Settings allowed by the default repository access setting in the
organization settings.
"""
NONE = "none"
READ = "read"
WRITE = "write"
ADMIN = "admin"
class RepositoryAccessRole(Enum):
"""
Settings allowed for users and teams in repository access settings.
NB: When you query the GitHub API for permissions, there are two fields: a
"permission" field that is a string, and it can be "push" or "pull" or
"admin" (and possibly other values, it's not documented), and "permissions",
which is an object that contains a boolean for various individual
permissions. Neither map directly to the options that you see in the "Choose
role" dropdown at https://github.com/{owner}/{repo}/settings/access. My
suspicion is that the "permission" string is a leftover from a previous,
less elaborate permission model, that is kept for backwards compatibility,
and that the strings in the UI map to pre-selected combinations of the
"permissions" bools. So we attempt to parse those bools back to these
options when we get the current permissions from the API.
The names here have been chosen to match the UI. In the API, "read" and
"write" are called "pull" and "push" respectively.
"""
READ = "read"
TRIAGE = "triage"
WRITE = "write"
MAINTAIN = "maintain"
ADMIN = "admin"
@staticmethod
def from_permissions_dict(permissions: Dict[str, bool]) -> RepositoryAccessRole:
# We expect each of the configurations to be a superset of the previous
# one, so assert that below. E.g. it wouldn't make sense to have "admin"
# permission but not "pull".
if permissions["admin"]:
assert permissions["maintain"]
assert permissions["push"]
assert permissions["triage"]
assert permissions["pull"]
return RepositoryAccessRole.ADMIN
if permissions["maintain"]:
assert permissions["push"]
assert permissions["triage"]
assert permissions["pull"]
return RepositoryAccessRole.MAINTAIN
if permissions["push"]:
assert permissions["triage"]
assert permissions["pull"]
return RepositoryAccessRole.WRITE
if permissions["triage"]:
assert permissions["pull"]
return RepositoryAccessRole.TRIAGE
if permissions["pull"]:
return RepositoryAccessRole.READ
raise Exception("At least *some* permission must be granted.")
class RepositoryVisibility(Enum):
PRIVATE = "private"
PUBLIC = "public"
class TeamRepositoryAccess(NamedTuple):
"""
When a team has direct access to a repository, and what the access level is.

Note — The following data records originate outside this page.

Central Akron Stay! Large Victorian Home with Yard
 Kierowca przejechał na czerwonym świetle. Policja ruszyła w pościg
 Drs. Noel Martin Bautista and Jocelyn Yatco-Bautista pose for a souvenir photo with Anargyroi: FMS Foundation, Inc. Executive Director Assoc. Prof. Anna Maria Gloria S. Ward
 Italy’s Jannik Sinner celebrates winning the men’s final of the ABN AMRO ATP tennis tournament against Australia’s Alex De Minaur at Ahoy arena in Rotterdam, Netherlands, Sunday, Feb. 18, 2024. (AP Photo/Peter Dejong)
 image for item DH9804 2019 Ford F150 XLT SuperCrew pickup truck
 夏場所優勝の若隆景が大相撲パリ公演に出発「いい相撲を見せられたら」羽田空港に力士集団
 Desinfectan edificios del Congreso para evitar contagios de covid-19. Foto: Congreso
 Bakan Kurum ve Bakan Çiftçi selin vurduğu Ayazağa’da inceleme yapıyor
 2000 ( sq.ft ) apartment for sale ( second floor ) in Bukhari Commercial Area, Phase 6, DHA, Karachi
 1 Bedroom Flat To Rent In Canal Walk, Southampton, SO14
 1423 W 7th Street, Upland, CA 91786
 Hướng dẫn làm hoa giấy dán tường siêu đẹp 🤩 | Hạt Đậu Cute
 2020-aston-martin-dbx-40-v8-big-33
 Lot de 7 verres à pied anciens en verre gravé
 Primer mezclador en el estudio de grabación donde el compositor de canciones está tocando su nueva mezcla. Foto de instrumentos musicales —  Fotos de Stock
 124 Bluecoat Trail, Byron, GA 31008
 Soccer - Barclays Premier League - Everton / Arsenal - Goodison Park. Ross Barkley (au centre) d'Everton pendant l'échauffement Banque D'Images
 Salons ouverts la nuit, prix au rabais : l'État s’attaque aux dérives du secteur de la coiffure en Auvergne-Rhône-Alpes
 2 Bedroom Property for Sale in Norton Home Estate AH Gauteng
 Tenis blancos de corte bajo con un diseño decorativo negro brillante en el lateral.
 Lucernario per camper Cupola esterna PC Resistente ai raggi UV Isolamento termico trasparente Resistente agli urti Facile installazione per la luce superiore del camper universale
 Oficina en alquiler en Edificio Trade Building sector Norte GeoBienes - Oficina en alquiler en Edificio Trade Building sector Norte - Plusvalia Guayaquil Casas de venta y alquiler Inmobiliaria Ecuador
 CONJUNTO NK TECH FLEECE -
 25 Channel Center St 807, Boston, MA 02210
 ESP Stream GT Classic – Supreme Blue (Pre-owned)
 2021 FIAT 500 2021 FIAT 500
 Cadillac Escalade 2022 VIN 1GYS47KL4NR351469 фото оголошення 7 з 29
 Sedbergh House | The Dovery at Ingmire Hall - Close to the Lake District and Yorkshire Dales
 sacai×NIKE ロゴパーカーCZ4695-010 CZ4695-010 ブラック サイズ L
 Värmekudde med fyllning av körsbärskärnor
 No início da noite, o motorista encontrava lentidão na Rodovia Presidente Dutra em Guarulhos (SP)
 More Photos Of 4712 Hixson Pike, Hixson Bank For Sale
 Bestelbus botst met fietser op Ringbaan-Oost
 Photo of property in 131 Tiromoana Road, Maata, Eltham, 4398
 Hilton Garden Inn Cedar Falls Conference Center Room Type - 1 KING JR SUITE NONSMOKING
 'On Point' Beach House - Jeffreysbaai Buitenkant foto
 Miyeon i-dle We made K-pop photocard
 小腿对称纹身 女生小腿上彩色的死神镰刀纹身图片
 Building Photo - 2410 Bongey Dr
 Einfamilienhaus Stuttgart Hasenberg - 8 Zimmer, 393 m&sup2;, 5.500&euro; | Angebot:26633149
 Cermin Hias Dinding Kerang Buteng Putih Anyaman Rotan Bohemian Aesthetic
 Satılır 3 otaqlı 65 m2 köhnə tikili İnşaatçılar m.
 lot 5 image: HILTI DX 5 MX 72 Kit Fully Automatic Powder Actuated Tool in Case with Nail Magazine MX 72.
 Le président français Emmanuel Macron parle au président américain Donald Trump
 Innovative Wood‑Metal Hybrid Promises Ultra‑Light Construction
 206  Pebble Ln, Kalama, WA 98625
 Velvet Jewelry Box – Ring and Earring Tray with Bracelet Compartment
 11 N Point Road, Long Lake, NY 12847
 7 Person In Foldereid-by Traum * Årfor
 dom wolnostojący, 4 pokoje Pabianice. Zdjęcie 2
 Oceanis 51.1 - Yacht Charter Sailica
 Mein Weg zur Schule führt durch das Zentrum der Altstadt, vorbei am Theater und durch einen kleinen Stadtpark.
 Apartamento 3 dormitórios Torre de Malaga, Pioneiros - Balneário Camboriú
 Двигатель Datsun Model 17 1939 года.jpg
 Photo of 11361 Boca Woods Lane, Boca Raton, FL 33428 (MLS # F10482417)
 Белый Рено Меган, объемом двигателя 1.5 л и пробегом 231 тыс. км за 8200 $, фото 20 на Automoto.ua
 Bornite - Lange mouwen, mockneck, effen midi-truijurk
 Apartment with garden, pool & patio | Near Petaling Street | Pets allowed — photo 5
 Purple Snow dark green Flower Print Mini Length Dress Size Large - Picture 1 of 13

Subteams of a team gain access indirectly, but they are not listed here.
"""
team_name: str
role: RepositoryAccessRole
@staticmethod
def from_toml_dict(data: Dict[str, Any]) -> TeamRepositoryAccess:
return TeamRepositoryAccess(
team_name=data["team_name"],
role=RepositoryAccessRole(data["role"]),
)
def format_toml(self) -> str:
return (
"{ team_name = "
+ json.dumps(self.team_name)
+ ', role = "'
+ self.role.value
+ '" }'
)
class UserRepositoryAccess(NamedTuple):
"""
When a user has direct access to a repository, and what the access level is.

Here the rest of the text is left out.